Phase 2 failures are non-fatal — they are logged but do not invalidate the template.
To skip Phase 2 entirely, set enrichment.enable_llm: false in the front matter.
Minimal example
---
template_version: "4.0.0"
dataset:
name: "Customer Records"
description: "Customer master data."
creator: "Acme Corp"
enrichment:
enable_llm: true
---
# Dataset Overview
Master customer records for use across all Acme business systems.
**Purpose**: Single source of truth for customer identity.

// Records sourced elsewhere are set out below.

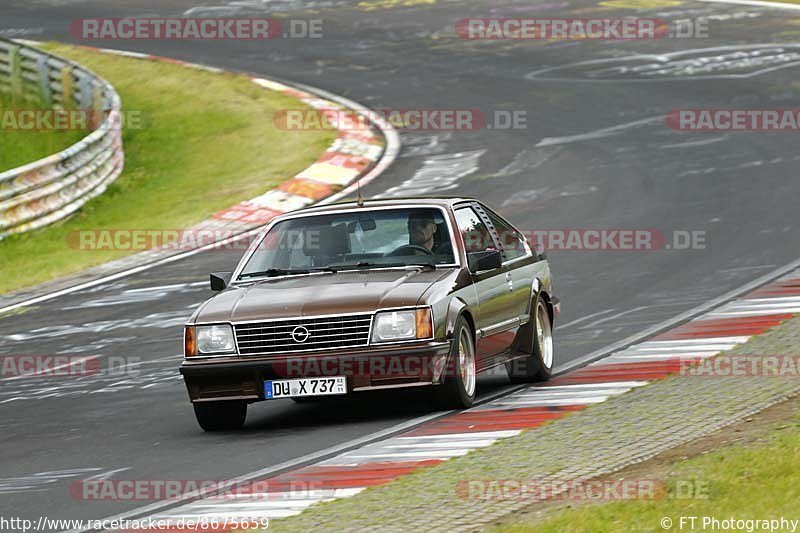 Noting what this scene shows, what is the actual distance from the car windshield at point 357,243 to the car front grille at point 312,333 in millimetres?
945

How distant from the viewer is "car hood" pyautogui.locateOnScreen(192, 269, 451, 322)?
1005cm

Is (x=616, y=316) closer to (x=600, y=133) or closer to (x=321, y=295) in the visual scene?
(x=321, y=295)

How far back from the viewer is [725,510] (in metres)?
6.62

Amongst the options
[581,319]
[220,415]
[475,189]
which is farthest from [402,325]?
[475,189]

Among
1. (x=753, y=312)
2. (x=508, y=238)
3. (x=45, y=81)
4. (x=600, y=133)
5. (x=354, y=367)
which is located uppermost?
(x=45, y=81)

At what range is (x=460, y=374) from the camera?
10336 mm

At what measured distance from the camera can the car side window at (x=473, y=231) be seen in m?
11.4

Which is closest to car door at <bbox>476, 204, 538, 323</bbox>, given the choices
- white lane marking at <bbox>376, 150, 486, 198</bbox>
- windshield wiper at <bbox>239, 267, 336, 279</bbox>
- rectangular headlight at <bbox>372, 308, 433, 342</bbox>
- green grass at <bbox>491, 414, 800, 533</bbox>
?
windshield wiper at <bbox>239, 267, 336, 279</bbox>

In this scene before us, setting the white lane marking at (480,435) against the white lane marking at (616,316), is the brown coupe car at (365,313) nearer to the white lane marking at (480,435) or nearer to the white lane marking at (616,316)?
the white lane marking at (480,435)

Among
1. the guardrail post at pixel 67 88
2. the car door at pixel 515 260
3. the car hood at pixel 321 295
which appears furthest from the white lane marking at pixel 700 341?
the guardrail post at pixel 67 88

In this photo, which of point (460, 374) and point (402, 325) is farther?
point (460, 374)

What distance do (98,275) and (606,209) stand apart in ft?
22.4

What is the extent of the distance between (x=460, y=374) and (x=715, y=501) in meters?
3.66

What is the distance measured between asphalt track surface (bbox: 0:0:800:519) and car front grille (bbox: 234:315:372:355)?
58 centimetres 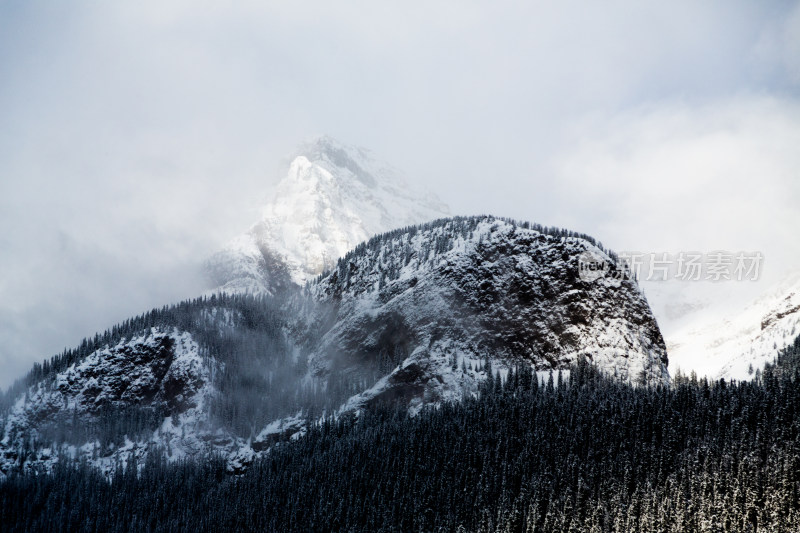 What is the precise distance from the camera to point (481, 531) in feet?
598

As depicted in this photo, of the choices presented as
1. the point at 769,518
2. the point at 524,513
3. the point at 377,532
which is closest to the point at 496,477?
the point at 524,513

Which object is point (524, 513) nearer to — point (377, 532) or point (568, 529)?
point (568, 529)

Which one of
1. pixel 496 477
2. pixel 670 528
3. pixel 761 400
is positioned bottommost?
pixel 670 528

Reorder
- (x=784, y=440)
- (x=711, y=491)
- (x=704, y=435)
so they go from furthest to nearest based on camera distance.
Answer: (x=704, y=435), (x=784, y=440), (x=711, y=491)

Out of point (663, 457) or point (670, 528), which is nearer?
point (670, 528)

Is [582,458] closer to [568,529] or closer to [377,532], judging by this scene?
[568,529]

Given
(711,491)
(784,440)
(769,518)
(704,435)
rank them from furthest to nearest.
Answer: (704,435) → (784,440) → (711,491) → (769,518)

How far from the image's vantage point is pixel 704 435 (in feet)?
636

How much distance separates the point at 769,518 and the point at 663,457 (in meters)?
32.1

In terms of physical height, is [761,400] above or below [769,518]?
above

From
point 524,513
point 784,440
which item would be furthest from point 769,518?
point 524,513

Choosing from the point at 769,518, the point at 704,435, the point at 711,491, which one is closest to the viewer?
the point at 769,518

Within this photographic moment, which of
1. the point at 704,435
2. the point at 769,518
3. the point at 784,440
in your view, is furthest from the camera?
the point at 704,435

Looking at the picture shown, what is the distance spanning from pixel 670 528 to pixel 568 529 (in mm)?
21954
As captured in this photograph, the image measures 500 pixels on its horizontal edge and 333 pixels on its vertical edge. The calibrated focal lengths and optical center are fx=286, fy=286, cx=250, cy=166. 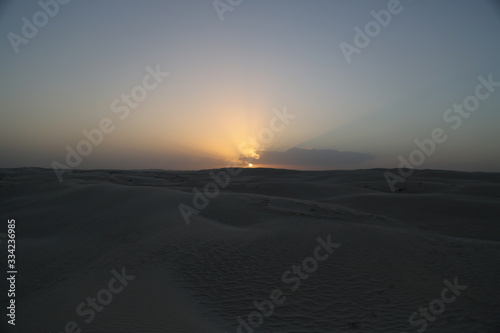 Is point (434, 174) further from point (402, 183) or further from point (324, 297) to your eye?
point (324, 297)

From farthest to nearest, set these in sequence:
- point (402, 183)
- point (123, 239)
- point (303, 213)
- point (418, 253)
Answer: point (402, 183)
point (303, 213)
point (123, 239)
point (418, 253)

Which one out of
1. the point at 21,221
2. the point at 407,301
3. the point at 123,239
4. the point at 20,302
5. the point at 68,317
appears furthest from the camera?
the point at 21,221

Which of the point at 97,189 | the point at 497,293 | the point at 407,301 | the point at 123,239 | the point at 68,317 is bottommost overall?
the point at 497,293

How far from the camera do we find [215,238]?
4141mm

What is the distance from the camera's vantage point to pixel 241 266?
332 centimetres

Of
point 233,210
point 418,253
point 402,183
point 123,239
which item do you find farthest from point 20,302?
point 402,183

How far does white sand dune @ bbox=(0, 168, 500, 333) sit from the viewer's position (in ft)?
7.89

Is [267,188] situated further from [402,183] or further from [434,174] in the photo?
[434,174]

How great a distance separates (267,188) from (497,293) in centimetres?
778

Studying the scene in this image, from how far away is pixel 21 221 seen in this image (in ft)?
20.3

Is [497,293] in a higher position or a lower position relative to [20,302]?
lower

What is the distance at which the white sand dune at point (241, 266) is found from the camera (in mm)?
2404

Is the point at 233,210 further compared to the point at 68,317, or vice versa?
the point at 233,210

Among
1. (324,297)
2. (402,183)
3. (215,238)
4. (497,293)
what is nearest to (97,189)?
(215,238) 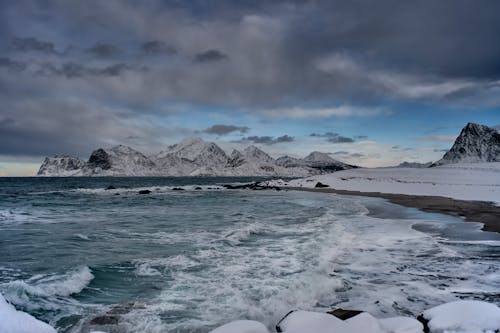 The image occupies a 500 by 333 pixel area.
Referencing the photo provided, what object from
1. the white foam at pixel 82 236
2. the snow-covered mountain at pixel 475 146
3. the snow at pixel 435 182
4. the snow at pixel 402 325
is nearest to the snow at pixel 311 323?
the snow at pixel 402 325

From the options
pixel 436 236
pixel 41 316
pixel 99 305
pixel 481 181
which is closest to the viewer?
pixel 41 316

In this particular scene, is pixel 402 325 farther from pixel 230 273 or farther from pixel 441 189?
pixel 441 189

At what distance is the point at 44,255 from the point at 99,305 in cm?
621

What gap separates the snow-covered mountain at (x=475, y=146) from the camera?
102 meters

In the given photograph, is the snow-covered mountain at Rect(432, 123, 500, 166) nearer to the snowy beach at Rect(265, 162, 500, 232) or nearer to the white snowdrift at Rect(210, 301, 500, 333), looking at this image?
the snowy beach at Rect(265, 162, 500, 232)

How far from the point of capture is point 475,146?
4235 inches

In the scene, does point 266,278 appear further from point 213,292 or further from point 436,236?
point 436,236

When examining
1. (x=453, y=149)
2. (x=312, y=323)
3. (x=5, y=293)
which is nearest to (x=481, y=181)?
(x=312, y=323)

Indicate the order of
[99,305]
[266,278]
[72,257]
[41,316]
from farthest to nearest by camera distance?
[72,257] < [266,278] < [99,305] < [41,316]

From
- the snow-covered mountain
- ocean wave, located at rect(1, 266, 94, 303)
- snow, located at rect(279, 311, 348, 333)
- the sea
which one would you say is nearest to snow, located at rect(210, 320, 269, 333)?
snow, located at rect(279, 311, 348, 333)

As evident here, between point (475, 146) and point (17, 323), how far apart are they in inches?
5017

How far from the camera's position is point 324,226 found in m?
19.5

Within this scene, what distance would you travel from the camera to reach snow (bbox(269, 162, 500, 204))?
1469 inches

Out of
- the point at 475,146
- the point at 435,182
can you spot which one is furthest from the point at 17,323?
the point at 475,146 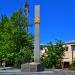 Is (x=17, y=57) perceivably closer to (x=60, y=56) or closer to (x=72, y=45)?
(x=60, y=56)

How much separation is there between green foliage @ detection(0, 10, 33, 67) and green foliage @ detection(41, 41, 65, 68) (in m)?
3.32

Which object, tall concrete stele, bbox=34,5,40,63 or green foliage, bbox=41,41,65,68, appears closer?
tall concrete stele, bbox=34,5,40,63

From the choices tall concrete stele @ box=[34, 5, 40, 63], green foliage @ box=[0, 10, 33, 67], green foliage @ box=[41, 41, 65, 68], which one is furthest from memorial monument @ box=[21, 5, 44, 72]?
green foliage @ box=[41, 41, 65, 68]

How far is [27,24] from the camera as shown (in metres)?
49.9

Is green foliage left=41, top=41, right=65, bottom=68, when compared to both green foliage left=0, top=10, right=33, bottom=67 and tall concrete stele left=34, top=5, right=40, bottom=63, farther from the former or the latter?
tall concrete stele left=34, top=5, right=40, bottom=63

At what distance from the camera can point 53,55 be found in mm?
50625

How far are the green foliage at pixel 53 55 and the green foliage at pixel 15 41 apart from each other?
10.9 ft

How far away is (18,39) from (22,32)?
1.05 metres

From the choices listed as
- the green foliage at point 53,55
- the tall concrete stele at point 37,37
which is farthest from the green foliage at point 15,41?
the tall concrete stele at point 37,37

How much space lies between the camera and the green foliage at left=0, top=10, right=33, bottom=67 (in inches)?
1815

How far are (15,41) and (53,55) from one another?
6635 mm

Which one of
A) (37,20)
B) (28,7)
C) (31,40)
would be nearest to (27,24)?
(31,40)

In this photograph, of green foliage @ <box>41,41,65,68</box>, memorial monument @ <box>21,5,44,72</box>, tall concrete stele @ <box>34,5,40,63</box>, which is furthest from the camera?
green foliage @ <box>41,41,65,68</box>

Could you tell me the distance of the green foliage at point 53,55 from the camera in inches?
1960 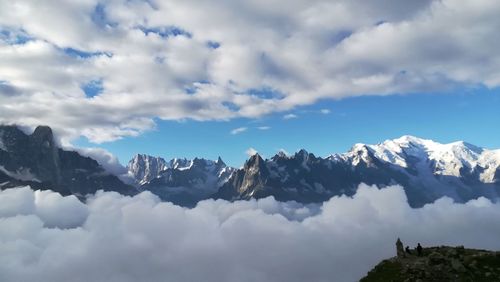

**Business Context**: Used by billing, support, and marketing systems.
## Data: Customer
**Rules**:
- At least one of email or phone must be provided
### customer_id
**Type**: text
**Description**: Globally unique customer identifier.
**Constraints**:
- required: true
### full_name
**Type**: text
**Description**: Customer's full name.
**Constraints**:
- required: true
### signup_date
**Type**: date
**Description**: When the customer first registered.
### account_status
**Type**: text
**Description**: Current account status.
**Enumeration**:
- active: Account in good standing
- suspended: Temporarily suspended
- closed: Permanently closed
### lifetime_value_usd
**Type**: decimal
**Units**: USD
**Description**: Total revenue from this customer.
**Constraints**:
- precision: 2
This template parses cleanly and produces a single Data cluster with five columns: customer_id (XdString), full_name (XdString), signup_date (XdTemporal), account_status (XdToken — text + enumeration), and lifetime_value_usd (XdQuantity — decimal + units + currency-like precision).